İnternette dolaşan ‘Atiye’deki Cübbeli’ videosunu izlemişsinizdir. Elinde mikrofon, karşısında kameraman, Atiye Sokak’tan geçerken ortalığın ne kadar dinden imandan çıktığını anlatıyor cübbeli sunucumuz! Ne olabilir ki o sokakta, bildiğin Atiye işte. Cübbeli sunucunun anlattıklarına bakılsa, sanırsınız Atiye Sokak’taki masaların üzerinde ön sevişme halinde insanlar. Yani her zamanki gibi masalarında yemek yiyen insanlar var. Dünyanın her yerinde olduğu gibi içerek, yiyerek günlerini geçiriyorlar. Gündelik sıkıntılardan kendilerini biraz az olsun uzaklaştırmaya çalışıyorlar. Çünkü yarın sabah olduğunda yine sıkıcı işlerine dönüp, hayatın ağırlığı karşısında bükülmeye devam edecekler. “Yüce ceddimizin kadınları burunlarının ucunu göstermezken, buradaki kadınların göbeklerine kadar her şeyi açıkta” diye geçtiği yerde bir tane bile öyle giyinmiş kadın yok. (Olsa ne olacak ki zaten.) Cübbeli sunucu, hızını alamayıp Osmanlı’nın ardından 80 sene içinde ne kadar dejenere bir toplum haline geldiğimizi de tekrarladı durdu. Hani o anda Atiye’deki masaların birinde olsam sunucu beyi kolundan tutarak “Abi Osmanlı dönemi kapanalı çok oluyor, siz arada birkaç bölümü atladınız galiba” diye acı gerçeği söylerdim. Bazen bu tip kişiliklerin geriye dönme isteklerinin aslında sadece ve sadece “çok kadınlı döneme geri dönüş” isteği olduğunu düşünüyorum. Kadınların göbeğine o kadar takmıştı ki, insanın aklına başka bir şey gelmiyor cidden.
Atiye’de gürültülü komşu
Nişanataşı Atiye Sokak’ın trafiğe kapatılmasından, yeni mekânlar açılarak hareketli hale gelmesine kadar geçen bütün sürece şahit olmuşumdur. O zaman eğlenebileceğimiz bir Salomanje vardı. Sonra seçenekler gelişti, yemek zevkinize göre takılabileceğiniz Atiye mekânlarının sayısı arttı. Atiye’deki mekânların hepsi aynı yönde ilerlerken geçen perşembe Blush Atiye’den yükselen canlı müzik sesleri o huzurlu Atiye’yi Marmaris Barlar Sokağı’na çevirdi valla. Önce eğlencesine karaoke yapılıyor zannettik ama iş uzayınca anladık gerçeği. Blush’ın yan komşusu Hardal’da arkadaşlarla yemek yemeye çalışmamızı kâbus haline döndüren eğlence, canlı müzikten sonra yüksek sesli bakkal müziğine döndü. Umarım bu geçici bir rahatsızlıktır, Atiye’nin havasını bozmaya gerek yok sanki.
OLAN BiTEN
- MICHAEL Jackson’ın yeni albümü Xscape’in kutlaması ve Sony’nin yeni telefonu Xperia Z2’nin tanıtımı aynı partide yapıldı. Garajistanbul’daki partide Jacko şarkıları hepimize çok iyi gelirken sahneye popun kralı taklidiyle Atilla Taş’ın gelmesi biraz soğuk bir şaka oldu. Ama Allah’tan yeni telefon ve Xscape’deki şarkılar her şeyin önündeydi.

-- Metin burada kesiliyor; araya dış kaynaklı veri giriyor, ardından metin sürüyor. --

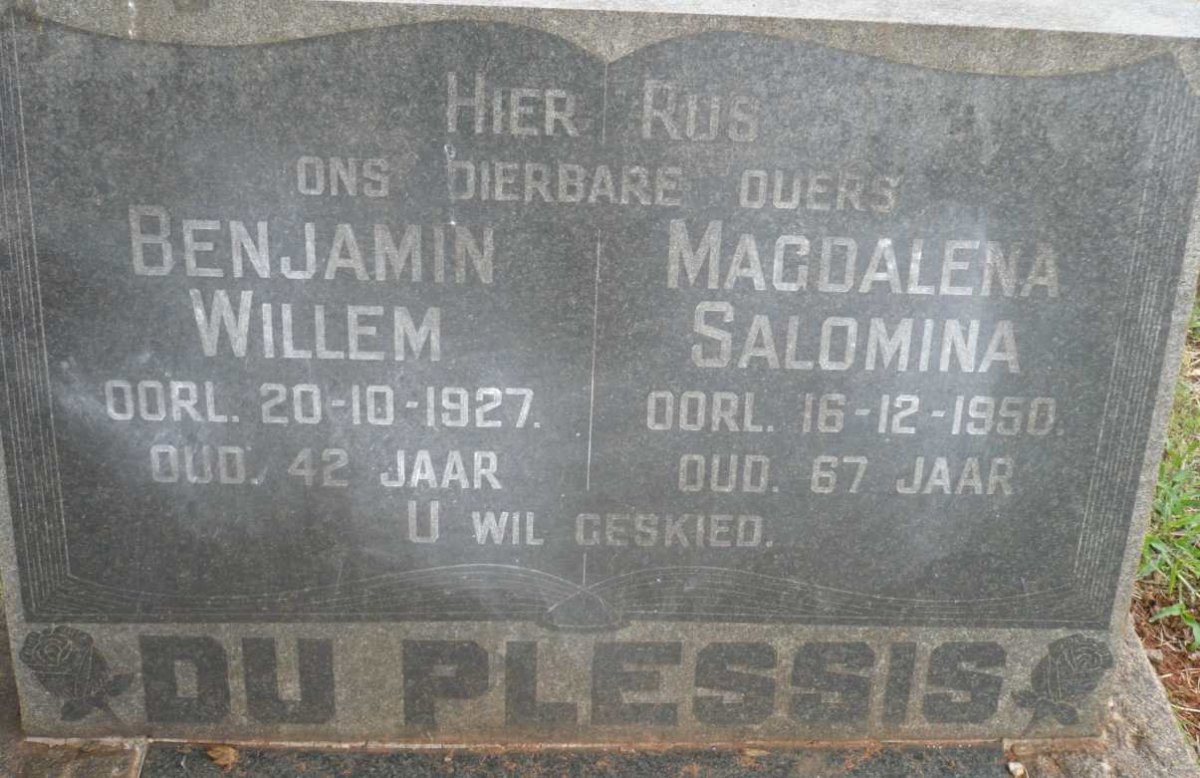 PLESSIS Benjamin Willem, du -1927 &amp; Magdalena Salomina -1950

- SEYFİ Dursunoğlu, nam-ı diğer Huysuz Virjin. İkisine de sevgim ve saygım sonsuz. Sahnede yaptığı devrimleri ve rahatlığı günümüzün her şekilde kasan starlarına bakınca daha da iyi hissediliyor. Sanatı adına örnek alınması gereken bir sürü yönü varken şimdi bir de tüm mal varlığını Çağdaş Yaşamı Destekleme Derneği’ne bağışladığını öğrenince örnek olarak alınma katsayısı tavan yaptı.

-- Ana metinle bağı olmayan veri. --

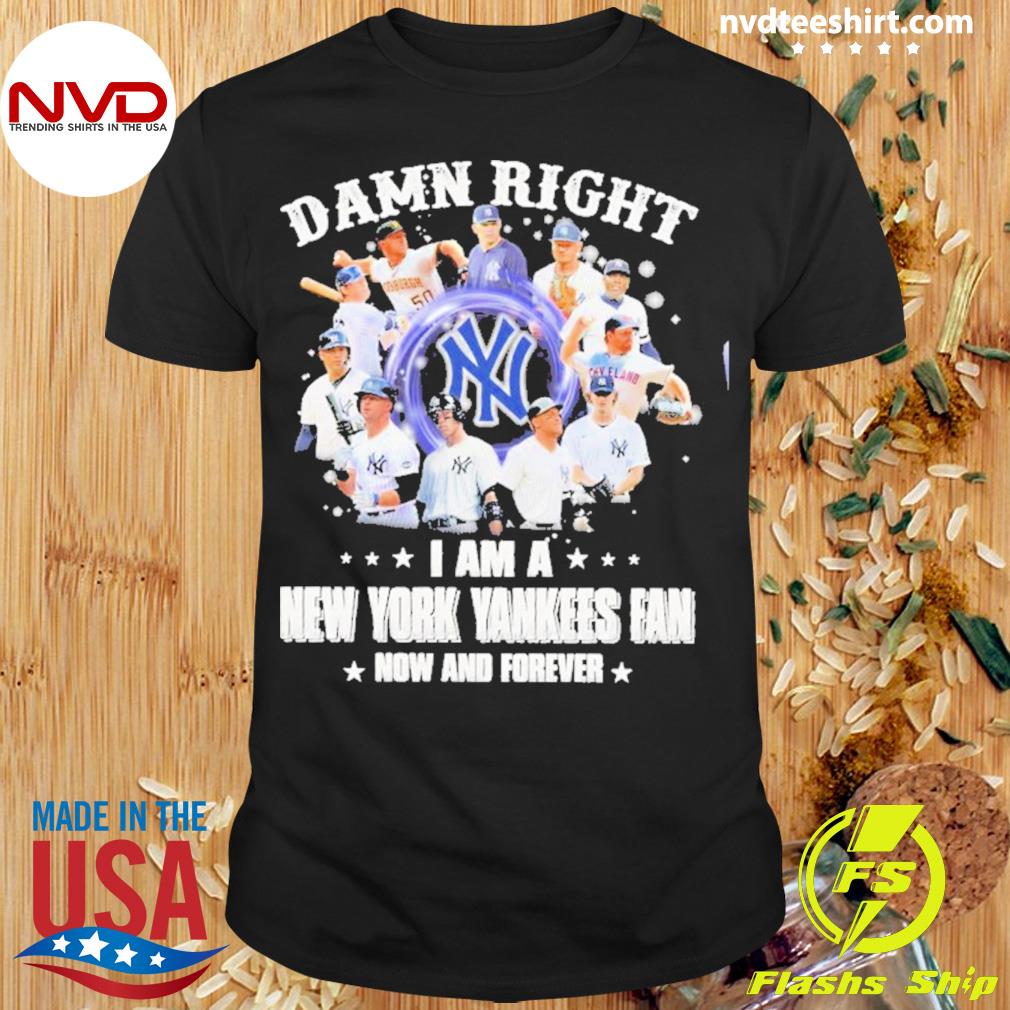 Damn Right I Am A New York Yankees Fan Now And Forever Shirt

- ALTERNATİF kafasına bayıldığım Emir Yargın yeni single’ı “Kanka Olurduk Ölümüne” yi piyasaya çıkardı. Sözleri duyunca esprili bir şarkıyla karşı karşıya olduğumuzu düşündüm ama duygusu yüksek, elektroniği kıvamında bir şarkıyla karşılaştım. Birbirine benzer pop işlerden sıkılanlar için yararlı bir yapım.